- Type: Formation
- Underlies: Vallecito Conglomerate
- Overlies: Twilight Gneiss
- Thickness: Over 10,000 feet (3,000 m)

Lithology
- Primary: Metavolcanic rock
- Other: Metasedimentary rock

Location
- Coordinates: 37°35′42″N 107°30′32″W﻿ / ﻿37.595°N 107.509°W
- Region: San Juan Mountains, Colorado
- Country: United States

Type section
- Named for: Irving Peak
- Named by: Ernest Howe
- Year defined: 1904

= Irving Formation =

Geologic formation in Colorado, US

The Irving Formation is a Precambrian geologic formation found in the San Juan Mountains of southwest Colorado, US. It is thought to be Statherian in age (1800 to 1790 million years old.)

==Description==
The formation consists of a variety of lithologies (rock varieties) including amphibolite, various schists and gneisses of intermediate to felsic composition, quartzite, metasiltstone, and banded iron formation. A bed of conglomerate is found near the base of the formation in some locations. The beds show indications of mild retrograde metamorphism and dip steeply to the north. It was intruded by the Twilight Gneiss between 1780 and 1770 million years ago (Mya). The complex is older than the Vallecito Conglomerate.

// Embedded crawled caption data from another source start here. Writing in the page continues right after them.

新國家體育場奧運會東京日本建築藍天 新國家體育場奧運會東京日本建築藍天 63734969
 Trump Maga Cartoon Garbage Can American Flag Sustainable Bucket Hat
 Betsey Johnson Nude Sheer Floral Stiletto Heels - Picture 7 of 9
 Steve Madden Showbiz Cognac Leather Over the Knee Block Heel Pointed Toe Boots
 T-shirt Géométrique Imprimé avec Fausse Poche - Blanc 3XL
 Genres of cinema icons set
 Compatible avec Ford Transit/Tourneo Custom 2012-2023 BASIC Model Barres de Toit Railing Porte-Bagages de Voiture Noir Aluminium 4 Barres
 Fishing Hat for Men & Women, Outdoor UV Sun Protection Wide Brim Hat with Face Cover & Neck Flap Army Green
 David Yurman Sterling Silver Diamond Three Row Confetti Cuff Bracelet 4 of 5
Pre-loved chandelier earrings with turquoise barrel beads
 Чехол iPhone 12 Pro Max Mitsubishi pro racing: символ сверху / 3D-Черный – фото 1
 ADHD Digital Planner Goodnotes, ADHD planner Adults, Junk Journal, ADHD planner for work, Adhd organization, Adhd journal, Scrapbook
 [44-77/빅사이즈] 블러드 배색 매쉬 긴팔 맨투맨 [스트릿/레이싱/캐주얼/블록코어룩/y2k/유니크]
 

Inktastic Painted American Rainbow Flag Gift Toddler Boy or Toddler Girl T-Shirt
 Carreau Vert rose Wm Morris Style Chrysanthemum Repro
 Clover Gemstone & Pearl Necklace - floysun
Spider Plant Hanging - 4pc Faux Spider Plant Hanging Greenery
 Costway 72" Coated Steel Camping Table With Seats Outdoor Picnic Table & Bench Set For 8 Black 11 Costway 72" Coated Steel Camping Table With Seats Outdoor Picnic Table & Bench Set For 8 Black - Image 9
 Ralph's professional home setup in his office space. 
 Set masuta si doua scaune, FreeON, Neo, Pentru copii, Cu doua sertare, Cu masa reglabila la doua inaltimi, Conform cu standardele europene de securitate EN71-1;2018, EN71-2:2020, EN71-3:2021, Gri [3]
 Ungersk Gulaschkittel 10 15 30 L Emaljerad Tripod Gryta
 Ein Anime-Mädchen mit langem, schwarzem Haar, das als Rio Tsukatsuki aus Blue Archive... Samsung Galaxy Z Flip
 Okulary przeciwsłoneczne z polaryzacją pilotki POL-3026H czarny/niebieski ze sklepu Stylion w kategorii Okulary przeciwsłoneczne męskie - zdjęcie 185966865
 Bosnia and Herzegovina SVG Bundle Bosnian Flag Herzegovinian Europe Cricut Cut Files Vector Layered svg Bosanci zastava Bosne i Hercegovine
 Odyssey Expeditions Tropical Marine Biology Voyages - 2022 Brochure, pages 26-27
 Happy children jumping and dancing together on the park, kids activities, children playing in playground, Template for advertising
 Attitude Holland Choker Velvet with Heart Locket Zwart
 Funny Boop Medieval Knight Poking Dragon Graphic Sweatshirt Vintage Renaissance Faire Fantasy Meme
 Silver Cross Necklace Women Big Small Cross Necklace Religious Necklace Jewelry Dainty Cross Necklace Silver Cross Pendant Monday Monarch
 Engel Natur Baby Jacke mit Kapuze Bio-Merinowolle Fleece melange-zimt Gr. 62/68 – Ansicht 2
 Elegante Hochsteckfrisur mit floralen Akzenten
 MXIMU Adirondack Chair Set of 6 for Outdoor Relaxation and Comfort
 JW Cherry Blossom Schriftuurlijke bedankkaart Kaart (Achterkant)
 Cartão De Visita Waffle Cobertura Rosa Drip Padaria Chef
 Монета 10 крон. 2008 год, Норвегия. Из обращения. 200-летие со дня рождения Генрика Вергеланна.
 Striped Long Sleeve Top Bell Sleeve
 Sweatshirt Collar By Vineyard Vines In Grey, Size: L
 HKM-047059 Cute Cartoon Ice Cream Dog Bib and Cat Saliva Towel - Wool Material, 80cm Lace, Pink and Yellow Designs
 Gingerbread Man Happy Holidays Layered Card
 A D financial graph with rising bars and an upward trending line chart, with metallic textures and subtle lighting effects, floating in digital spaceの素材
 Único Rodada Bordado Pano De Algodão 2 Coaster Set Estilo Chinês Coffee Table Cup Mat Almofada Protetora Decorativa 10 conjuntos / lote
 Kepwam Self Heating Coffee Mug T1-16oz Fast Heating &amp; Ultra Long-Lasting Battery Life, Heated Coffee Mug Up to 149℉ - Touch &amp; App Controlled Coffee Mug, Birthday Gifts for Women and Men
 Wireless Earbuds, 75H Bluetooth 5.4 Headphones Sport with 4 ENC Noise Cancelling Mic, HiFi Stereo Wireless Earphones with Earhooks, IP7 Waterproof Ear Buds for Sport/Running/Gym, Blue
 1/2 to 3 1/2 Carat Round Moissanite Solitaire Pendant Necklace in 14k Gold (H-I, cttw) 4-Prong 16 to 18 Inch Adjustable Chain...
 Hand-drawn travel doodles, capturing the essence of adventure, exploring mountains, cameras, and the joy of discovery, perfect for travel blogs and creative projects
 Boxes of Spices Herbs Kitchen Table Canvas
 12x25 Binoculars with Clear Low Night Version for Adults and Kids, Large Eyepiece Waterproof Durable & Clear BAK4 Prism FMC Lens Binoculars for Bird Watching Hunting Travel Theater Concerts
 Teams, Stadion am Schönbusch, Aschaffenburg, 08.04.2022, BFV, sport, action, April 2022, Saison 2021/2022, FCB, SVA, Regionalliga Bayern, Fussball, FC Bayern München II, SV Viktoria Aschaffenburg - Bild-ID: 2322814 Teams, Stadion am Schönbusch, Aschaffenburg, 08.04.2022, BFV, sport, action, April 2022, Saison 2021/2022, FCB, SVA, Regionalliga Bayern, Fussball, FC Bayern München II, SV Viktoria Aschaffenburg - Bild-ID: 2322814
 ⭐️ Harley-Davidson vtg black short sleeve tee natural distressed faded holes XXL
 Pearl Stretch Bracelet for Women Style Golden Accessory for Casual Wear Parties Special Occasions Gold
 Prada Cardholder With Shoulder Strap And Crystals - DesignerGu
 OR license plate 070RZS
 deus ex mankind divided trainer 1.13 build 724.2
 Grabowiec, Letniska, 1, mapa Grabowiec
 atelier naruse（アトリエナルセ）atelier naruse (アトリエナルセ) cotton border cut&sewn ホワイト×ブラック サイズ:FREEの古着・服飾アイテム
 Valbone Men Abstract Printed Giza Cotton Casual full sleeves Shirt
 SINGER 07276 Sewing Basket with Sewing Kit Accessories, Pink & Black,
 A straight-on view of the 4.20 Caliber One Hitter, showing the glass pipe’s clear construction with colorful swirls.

The formation underlies Irving Peak in the San Juan Mountains of Colorado and is exposed across the western and northern Needle Mountains. It is at least a few thousand meters (several thousand feet) thick.

The unit is interpreted as a portion of an island arc accreted to the southern margin of Laurentia as part of the Yavapai Province between 1.8 and 1.755 Gya. Metasedimentary rocks of the formation are interpreted as turbidites derived from the island arc.

==Economic resources==
The formation was surveyed in 1969 for iron ore. Magnetite-rich beds were found in a few locations but were not judged economical to exploit.

==History of investigation==
The unit was first named as the Irving Greenstone by Ernest Howe in 1904. The definition was expanded by Fred Barker in 1969, who also renamed the formation as the Irving Formation.